Once she'd finished, she wiped her mouth with the back of her hand, closed her eyes and leaned back against the balustrade. God, she felt awful. And there was still another whole set of stairs to climb.

As she was contemplating how she was going to manage it, the softest of sounds flowed across the silence — a resonance as soothing as the whisper of silk shimmying across a bed.

She opened her eyes and looked up. A man stood at the top of the stairs, staring down at her. The warm corridor light flared strangely across his back and shoulders, almost giving him the appearance of wings as it cast his features into shadows. A dark angel, she thought, and wondered briefly if death had come to collect her.

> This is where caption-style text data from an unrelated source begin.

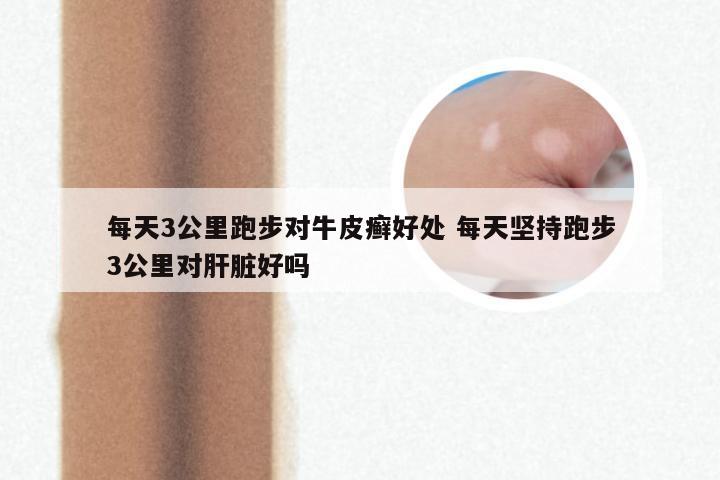 每天3公里跑步对牛皮癣好处 每天坚持跑步3公里对肝脏好吗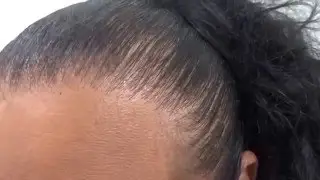 Hairline Feminization by Neopel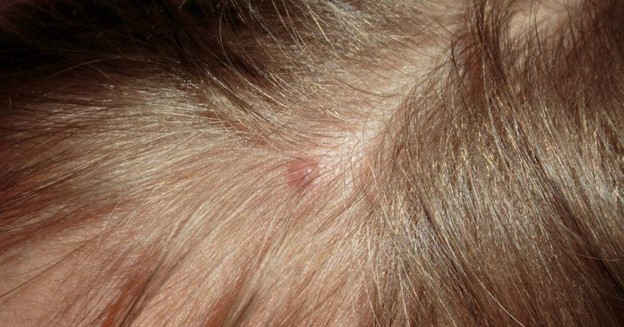 Pimple Treatment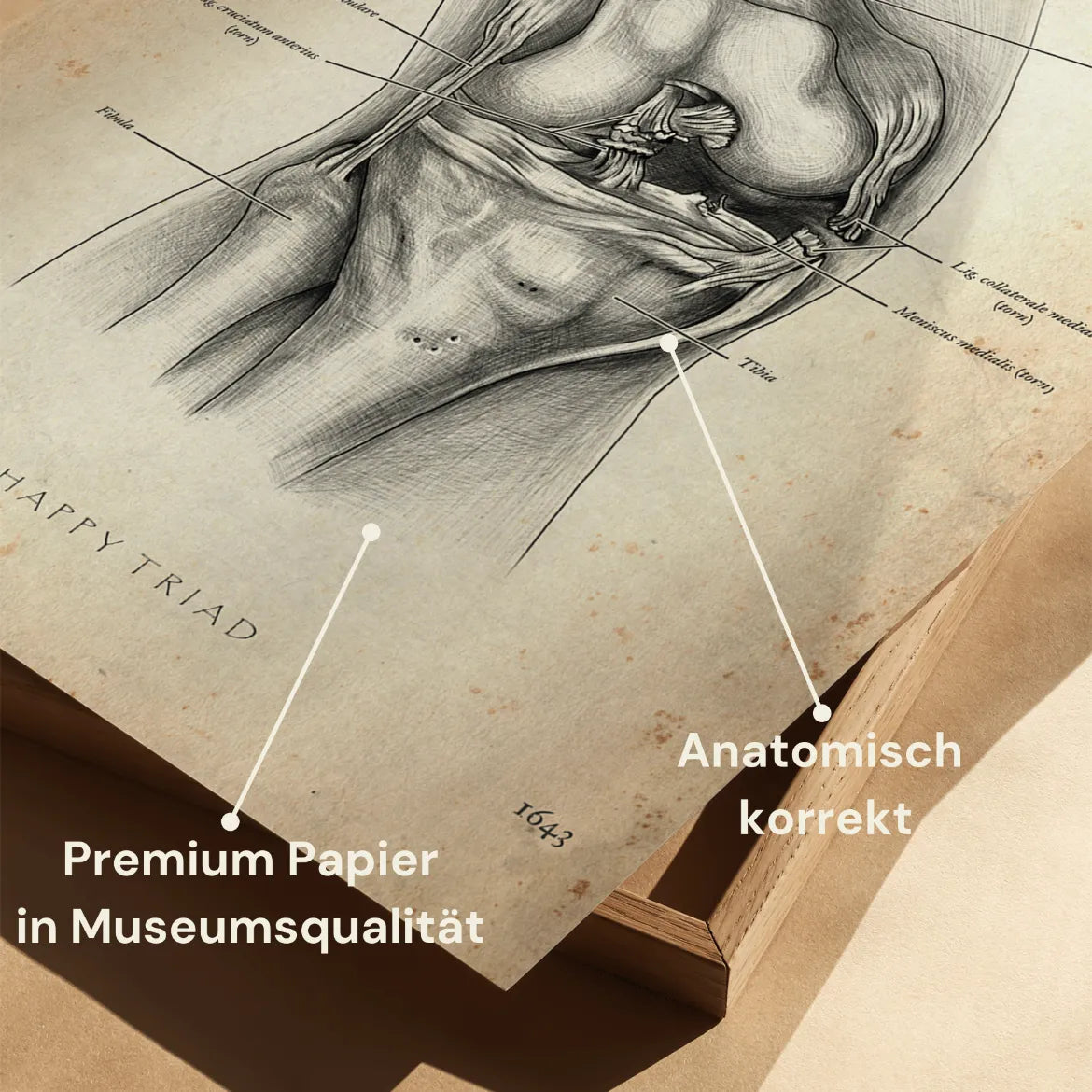Unhappy Triad Knie - Animus Medicus GmbH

Nah. Hell was more likely her last resting place.

He moved, and the angel image fled. What remained was a tall man, with dark brown hair, dressed in a dark gray suit. The color of choice for those in the SIU.

She groaned again. She really wasn't up to another tête-à-tête with the boys from the spook squad — if indeed he was with them.

He walked down the steps, loose limbed yet somehow graceful, then stopped near her feet and knelt down. He reached out but didn't quite touch her right foot. She sucked in a gasp of air anyway. "Don't — "

"I wasn't," he said, voice soft as he glanced up at her.

She knew those eyes. Would have recognized the odd, green-flecked hazel depths anywhere. This was the man who'd rescued her last night.

"What are you doing here?" she muttered, unable to keep the hint of annoyance from her voice. "And how did you find me?"

A dark eyebrow rose. "Haven't you heard? The SIU knows all."

So she'd guessed right — he was with the spook squad. "Let me see some ID."